I fall in love with poems all the time. Even before I wrote poems, I came across them and cut them out of magazines or photocopied them for 5 cents a page at the local library. And I fall in love not often because of the whole poem, and almost never after due consideration of the “deeper meaning.” I fall in love with specific lines, metaphors, even titles.

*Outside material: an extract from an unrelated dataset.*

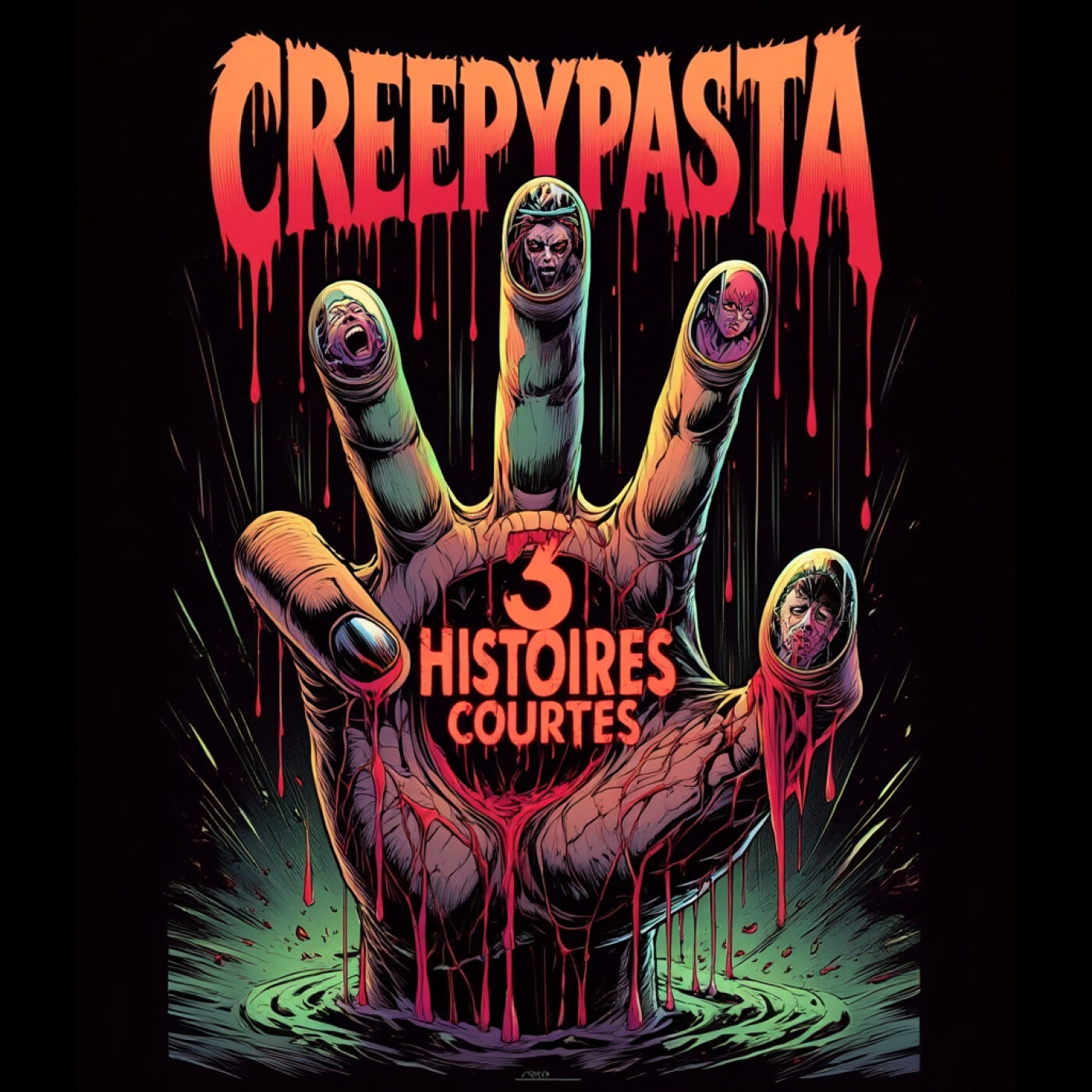 Dans l\'ombre des légendes | Podcast Horreur Creepypasta Chandleyr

For example: “The Human Race: My Yelp Review” is a title I just couldn’t pass up. I immediately thought of how my own Yelp review of the human race would sound, what I’d say. I expected humor and anger, sadness and transcendence, and I got them all. “I really wanted to like this species, but other kids left a lot to be desired”–true, and hilarious. “Middle school IF I COULD GIVE IT ZERO STARS I WOULD”–absolutely! “And no one warned me that guys snap/their fingers at waitresses, drivers tailgate, fools talk in the train’s quiet car”–yeah. Why didn’t anyone warn us before we came here? “But when I hear my mix tape, meet the librarian who made a Reading Trail/through the park posted with pages of funny kid books…decorate the community club for an eightieth birthday”–(and more, so much more!)–“Would come back. Would hurry back. Totally coming back.” Poet:

And then there was “Snowshoe Hare,” which I thought I’d skim because while there are white hares in the Scottish Highlands, north of where I live now, I didn’t think they were snowshoe hare, but the first line was “I was reckless as a child.” Ooh, I thought, so was I! The speaker walked, collected feathers, “wanted to be seen.” Her mother told her that she was vulnerable, so eventually she came to “understand/the way of night./What it is to hide. To run.” But, as so many of us resist the idea that it’s our job to prevent violence perpetrated against us, so does this poet. “I make the Gods/attend.”
I have an email folder just called “Poems,” where I collect poems that were emailed to me (because I subscribe to a bunch of free poetry magazines and newsletters) and that I fell in love with. A line here, a title there, a topic, a tone, an ending that leaves me blown open. Get out there. Look around. Fall in love. Poetry really is for us all.